[Your instructions] Without including any images, reproduce each entry exactly.

• • • •

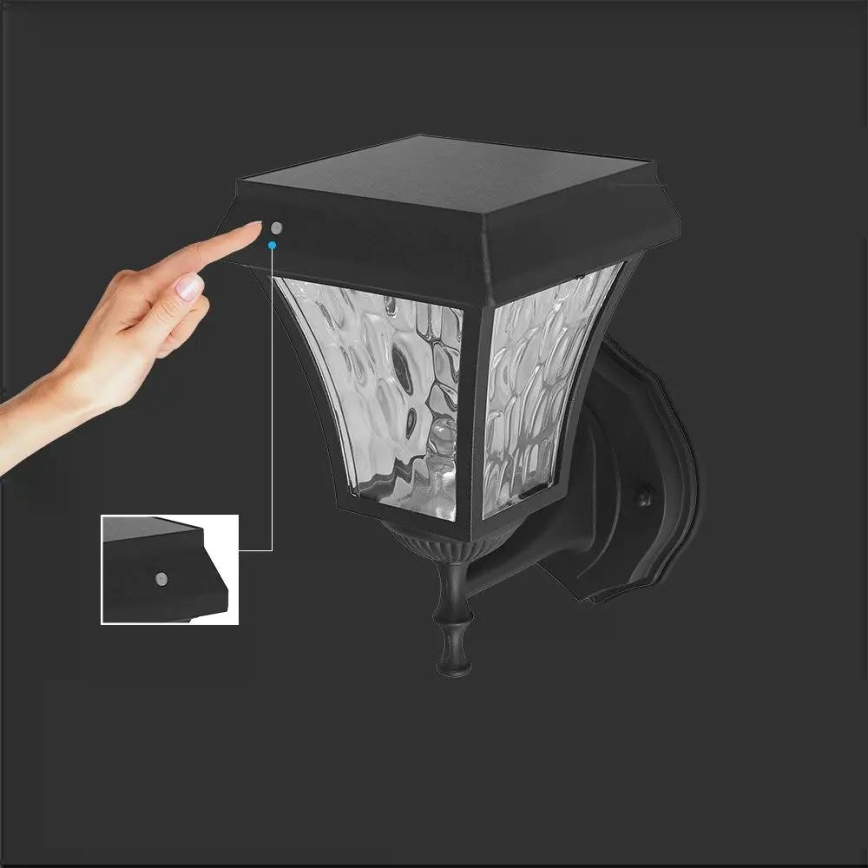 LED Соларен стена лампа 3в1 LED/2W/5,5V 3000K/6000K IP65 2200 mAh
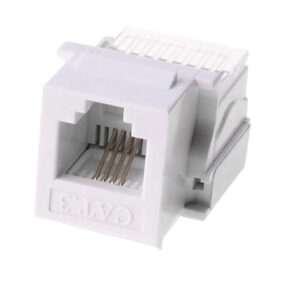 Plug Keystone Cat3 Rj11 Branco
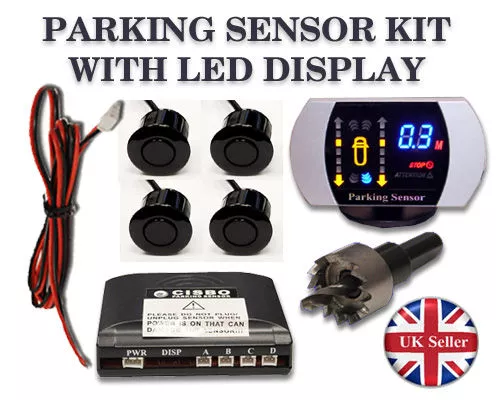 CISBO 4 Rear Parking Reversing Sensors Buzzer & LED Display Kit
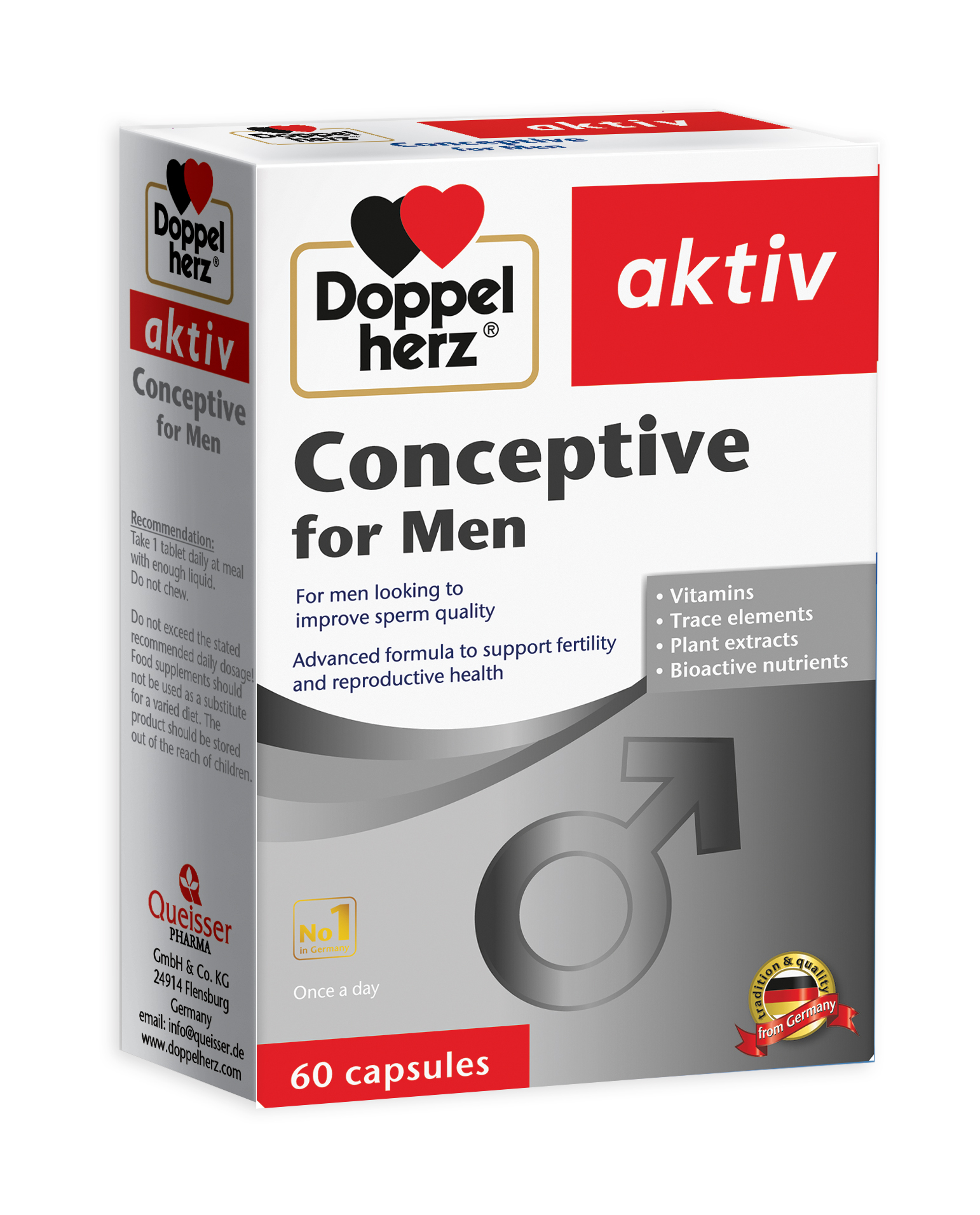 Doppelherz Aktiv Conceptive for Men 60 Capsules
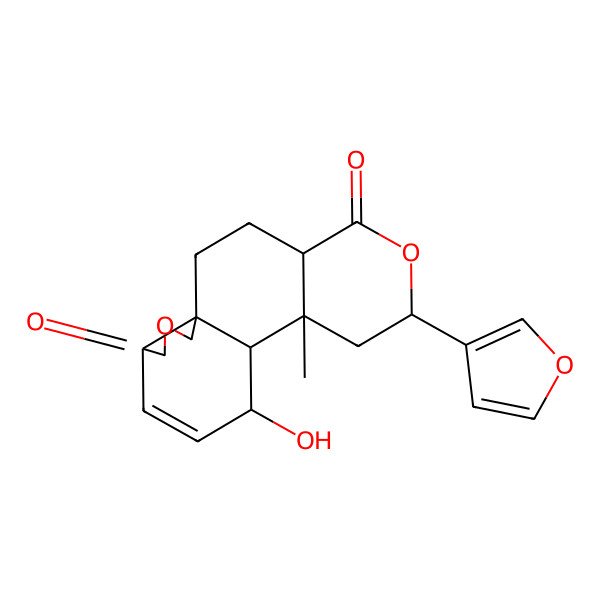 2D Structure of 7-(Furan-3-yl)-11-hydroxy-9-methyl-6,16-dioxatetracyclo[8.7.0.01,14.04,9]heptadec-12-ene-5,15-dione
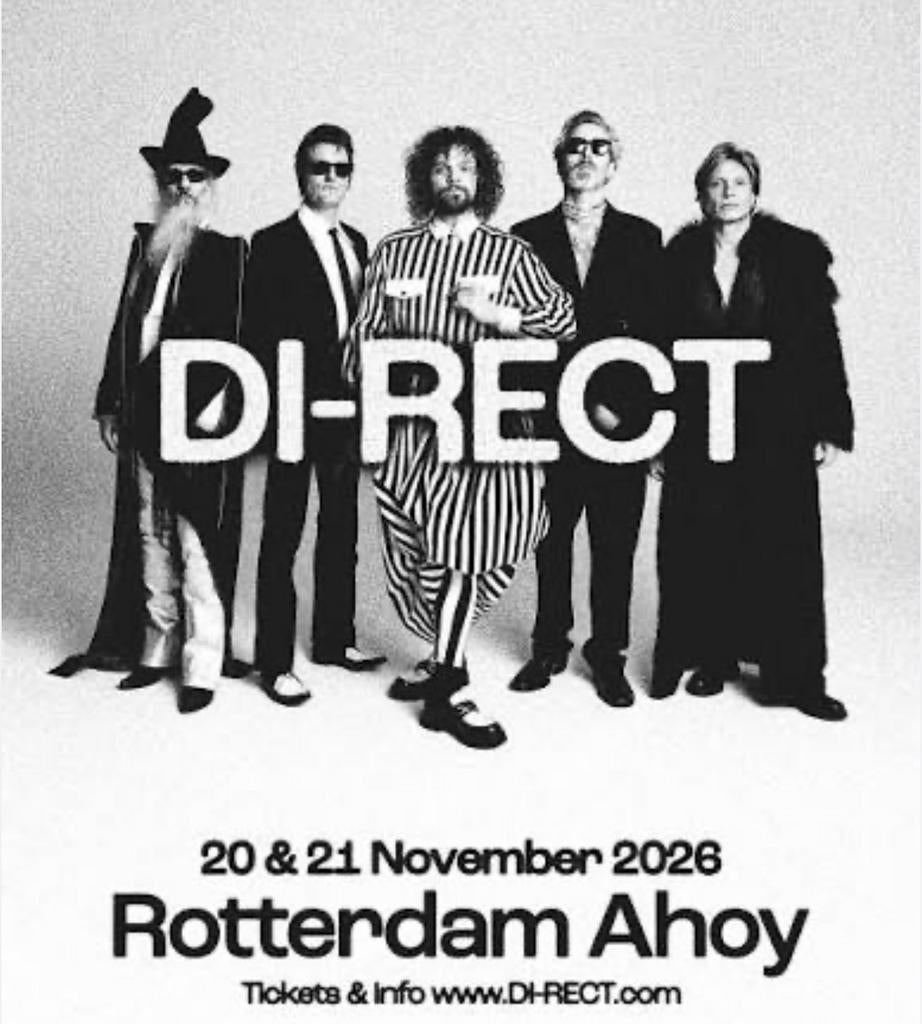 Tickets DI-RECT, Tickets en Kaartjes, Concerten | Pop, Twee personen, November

• • • •

[The completed task]
 LED Соларен стена лампа 3в1 LED/2W/5,5V 3000K/6000K IP65 2200 mAh
 Plug Keystone Cat3 Rj11 Branco
 CISBO 4 Rear Parking Reversing Sensors Buzzer & LED Display Kit
 Doppelherz Aktiv Conceptive for Men 60 Capsules
 2D Structure of 7-(Furan-3-yl)-11-hydroxy-9-methyl-6,16-dioxatetracyclo[8.7.0.01,14.04,9]heptadec-12-ene-5,15-dione
 Tickets DI-RECT, Tickets en Kaartjes, Concerten | Pop, Twee personen, November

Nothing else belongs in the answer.